● **What needs to be done**
Find the line containing "Kolumna mobilna Vonyx" in the listing below. Repeat it exactly, along with each following line up to and including the one containing "Chaussures Confort|LADY CONFORT".

● **Extracted data**
+---+

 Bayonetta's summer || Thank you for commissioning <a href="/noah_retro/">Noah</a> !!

+---+

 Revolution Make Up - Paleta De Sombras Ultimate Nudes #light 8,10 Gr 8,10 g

+---+

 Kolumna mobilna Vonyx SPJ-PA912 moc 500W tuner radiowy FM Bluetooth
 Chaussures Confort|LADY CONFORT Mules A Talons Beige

+---+

● **Response area**
 Kolumna mobilna Vonyx SPJ-PA912 moc 500W tuner radiowy FM Bluetooth
 Chaussures Confort|LADY CONFORT Mules A Talons Beige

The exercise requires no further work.